Опубликовано в журнале Дружба Народов, номер 11, 2022
Едва научившись читать (кажется, это произошло лет в пять), я стал с жадным любопытством поглощать все попадающиеся под руку тексты — от хрестоматийных Андерсена и Барто до клочков бумаги с рецептами, инструкций и газет с телепрограммой. Нравился сам процесс — вот буквы складываются в слова, слова в предложения, и я эту непостижимую механику понимаю! Типичный азарт неофита.
Как только представилась возможность, я записался в библиотеку. Первой взятой на дом книгой (ощущался этот вполне рутинный ритуал с формулярами и карточками как сакральное торжество) стал «Незнайка на Луне». Пожалуй, именно эта книга опрокинула меня из пространства просто чтения в собственно литературную вселенную, за что Николаю Носову моя вневременная благодарность и признательность. С тех пор библиотека (точнее, две екатеринбургские библиотеки – сначала Крыловка, а позже Чеховка) стала моим вторым домом. В благодатной тишине читального зала я проводил, наверное, половину свободного времени (другая половина доставалась двору и футбольным полям). Часовые блуждания между пыльными стеллажами казались не менее увлекательными, чем странствия Одиссея. Читательский билет носил с гордостью, как пионерский галстук (хоть его я и не носил, но представить могу — спасибо развивающим воображение книгам).

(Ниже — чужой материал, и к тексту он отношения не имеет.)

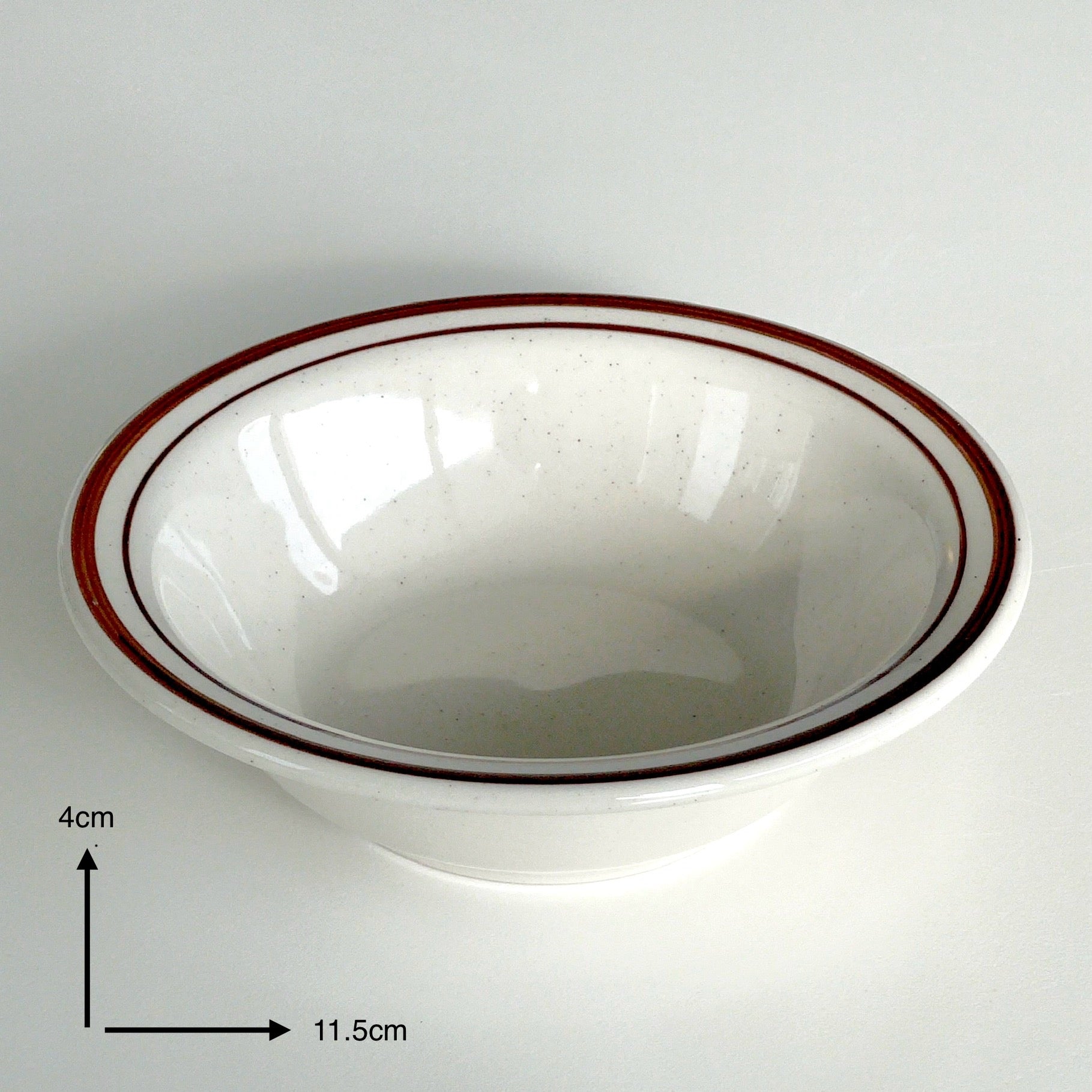 {{ product.title }} - {{ shop.name }}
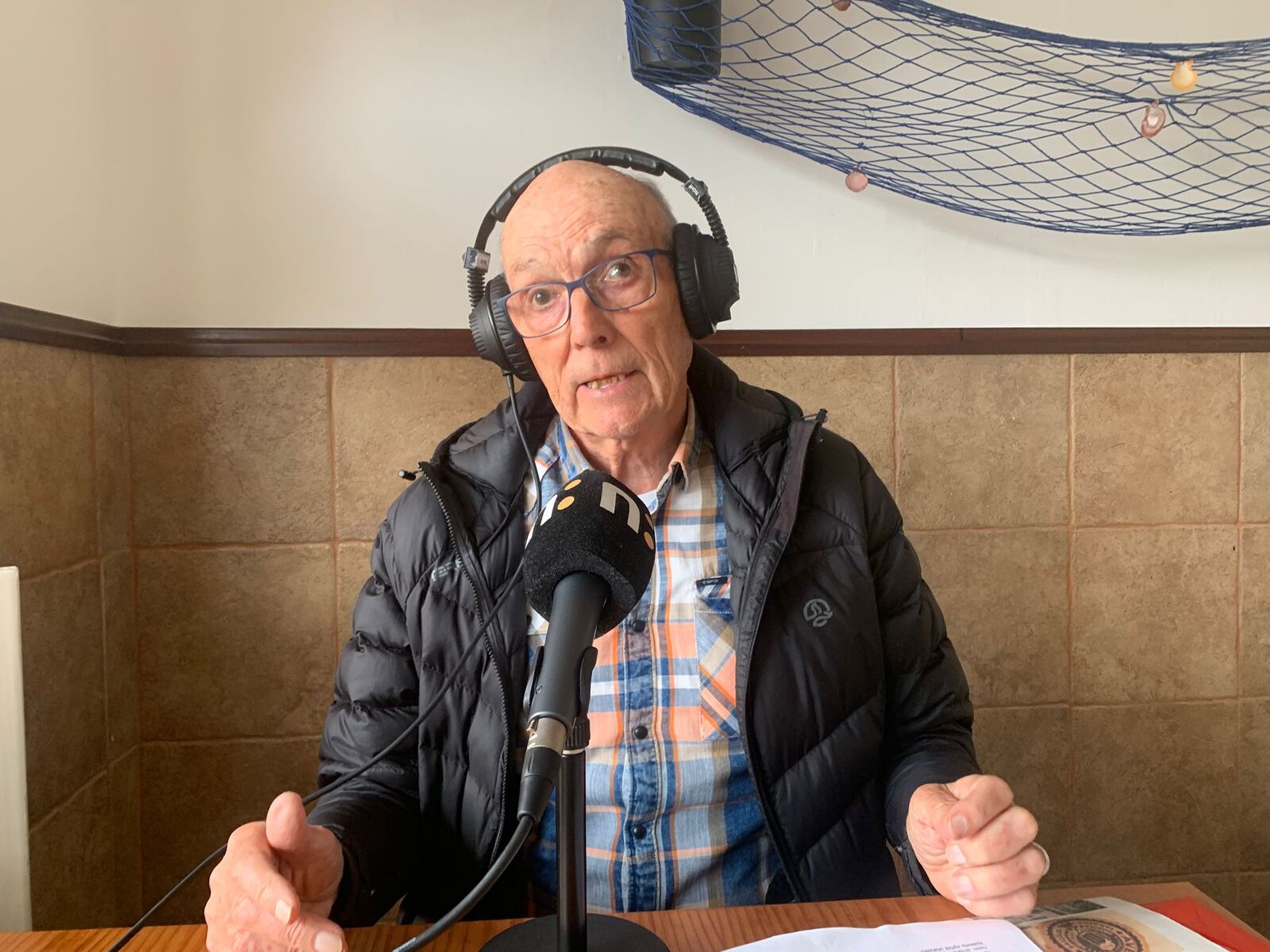 Txomin Letamendi NAIZ irratiko mikrofonoarekin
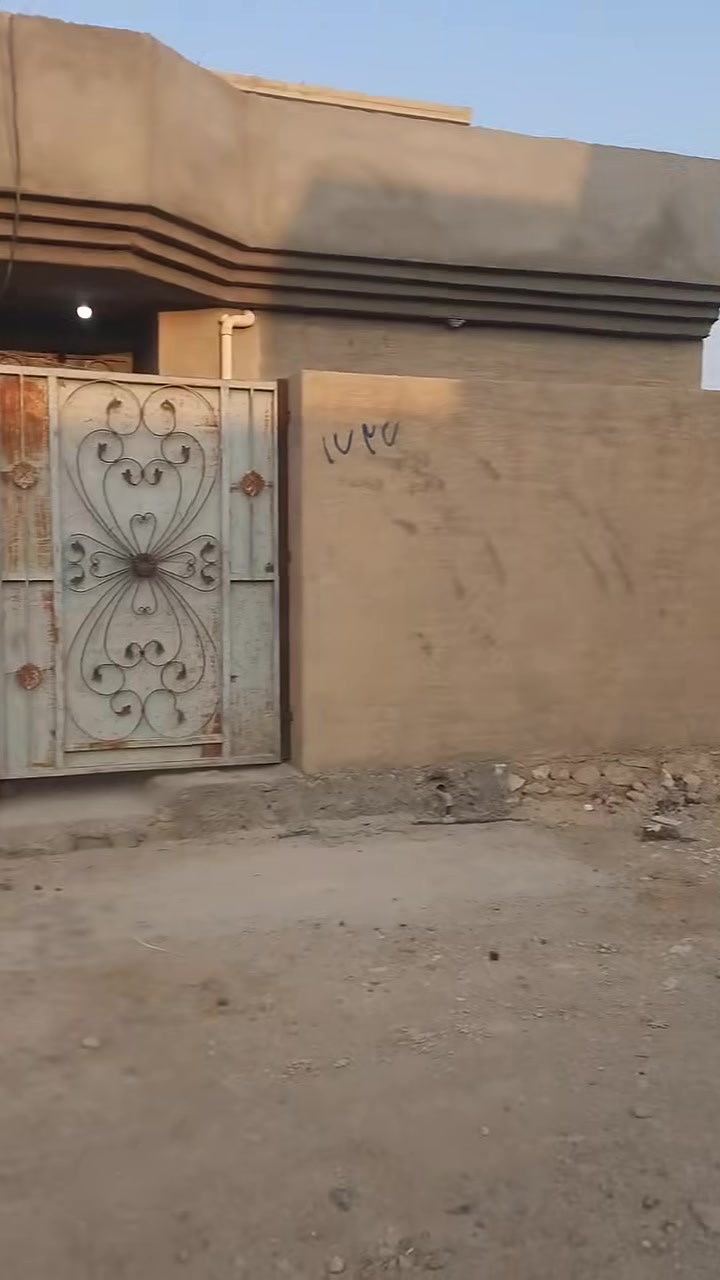 💯 مكتب ابو صبار للعقار 💯         

      مشتمل للبيع مساحه 125m واجهه 6.25m نزال 20m يتكون الطابق الارضي من هول وصاله كبيره من ظمنها مطبخ  وغرفة نوم وصحيات ومنور  والطابق الثاني فقط بيتونه وصحيات مع سطح عدد 2
الموقع /قرب جامع عائشه و اعدادية الصقور عنه                                             👈🏻السعر/ ٤٢ فقط واكيد بي مجال

للأستفسار //مراجعه مكتب ابو صبار للعقار 🌏
عنوان المكتب / الانبار/  عنه /نهايه شارع الحضره  /مجاور جامع النور

او الاتصال على الارقام التاليه
 ***********☎️الحاج سلام ابو صبار
***********☎️ محمد ابو أوس .. 
يتوفر اتصال ع الواتس ايضآ📩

Провести ревизию всех дорогих моему детскому сердцу книжек не представляется возможным. Остановлюсь здесь на тех, которые запомнились не только содержательно и визуально, но — более того — психосоматически, ощущенчески.
Томик сказок Вильгельма Гауфа с гладкой темно-зеленой обложкой, зовущей нырнуть (и нырял!) в сей дивный омут. Объемный и растрепанный том «Сказки народов мира», где общность сюжетов (привет от ещё неведомых Веселовского и Проппа) искупалась национальным колоритом. Приводил в недоумение китайский мандарин. Как фрукт может быть царственной особой? Позже эти недоумения разрешил «Чиполлино». Манящая глянцевой обложкой с арабской вязью «Тысяча и одна ночь», Синдбад и птица Рух и прочая восточная экзотика заходила на ура. Как и восточноевропейский сюрреализм в лице Яна Бжехвы и его «Академии пана Кляксы», в которой я был бы весьма не прочь отучиться. Запомнилось дешевое издание «Синей Бороды». Зловещая черная обложка была пришита вверх ногами, и этот таинственный брак устрашал даже больше, чем сами истории о кровавых делишках известного женоненавистника.
Но самым экзотическим чтением стала, пожалуй, книга под названием «Приключения Гвоздика». Автора не помню в упор (погуглил, оказывается, их двое — итальянские коммунисты — Марчелла Арджилли и Габриэлла Парка), но подушечки пальцев до сих пор живо ощущают сухость прикосновения к шершавой обложке с аляповатым изображением главного героя с блаженно-идиотическим выражением металлического лица. Несколько лет назад мой друг начитал мне эту книгу на диктофон (есть у нас с ним такой обычай — читать друг другу разное), и я был поражен: как можно было зачитываться этим чудовищным (даже со скидкой на вероятность недобросовестного перевода), неподъемным, изобилующим корявостями всех сортов языком и дремучим синтаксисом текстом?! Не говоря уже об очевидном эпигонстве по отношению к «Пиноккио» (там мальчик деревянный, тут — железный). Но ведь зачитывался, был очарован Гвоздиком, его смелостью, целеустремленностью, находчивостью, добротой к друзьям и стойкостью в борьбе со злобными и коварными толстосумами. Магия детства, не иначе. Но, если задуматься, не сюда ли уходит корнями моя неизменная и верная любовь к Маяковскому с его производственной метафорикой, с его «я жирных с детства привык ненавидеть, всегда себя за обед продавая», с его пламенным желанием приблизить мир, где «некому будет человека мучить»?
Засим умолкаю, оставаясь наедине с ласковыми и тонизирующими воспоминаниями о книжном детстве. Спасибо «Дружбе народов» за возможность беззаветно им предаться!